I taught a class today on relational prayer. I said relational prayer is a call out of the solitary confinement of evangelical spirituality. We have scores of books by popular Christian authors on the value, benefit, and struggle of private prayer and solitude. There are so few books on "relational prayer." While most books on evangelical spirituality and the value of private prayer focus on Jesus getting away from the crowd to get alone to pray, hardly any books focus on John 1:1 which, perhaps may be one of the greatest verses on communion and conversation in the Bible. From all eternity, before time began Jesus was with the Father.

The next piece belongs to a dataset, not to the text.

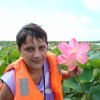 Каспер, 50 лет, Знакомства для серьезных отношений и брака, Тула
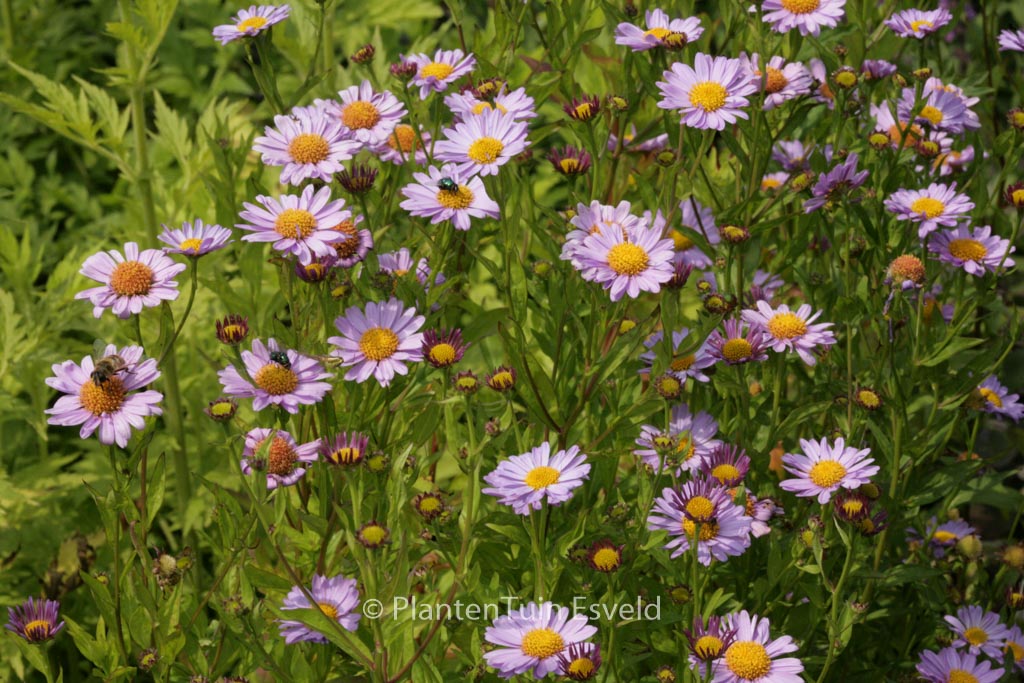 Kalimeris mongolica ‘Antonia’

And that is where we are going: the communion of God and the commuion of saints. There is some use and blessing in private prayer. But modern evangelicalism has promoted, advertised, celebrated, cherished, and proclaimed with great wisdom that private prayer is essential to your identity before God in spirituality.
Rarely, you will ever hear the counsel, that you need to delve into the discipline and rhythm of relational prayer. Praying with and for others is almost viewed as an extra value or benefit in addition to, or on top of, your hectic schedule and the chief cornerstone of evangelical spirituality: private prayer.
I encouraged everyone to consider the possibility and practice of relational prayer as a pulsating, rich, communal, spiritual discipline that can help us escape the solitary confinement of evangelical spirituality. I wasn't just simply referring to prayer here and there, although there is value in that. But to consider the possibility of even daily relational prayer as a possibility of rich communion: emails, Im-ing, and cell phones make intentional relational prayer a rich possibility even though you maybe separated by suburbs, states, or even oceans.
1. We never outgrow our own weakness or vulnerability.
One of my points is that we never go beyond our own weakness and vulnerability. Therefore, we are always to faced to some degree, "Lord, I don't even know how to pray for this person right now."
2. We are to enter into the other's vulnerability.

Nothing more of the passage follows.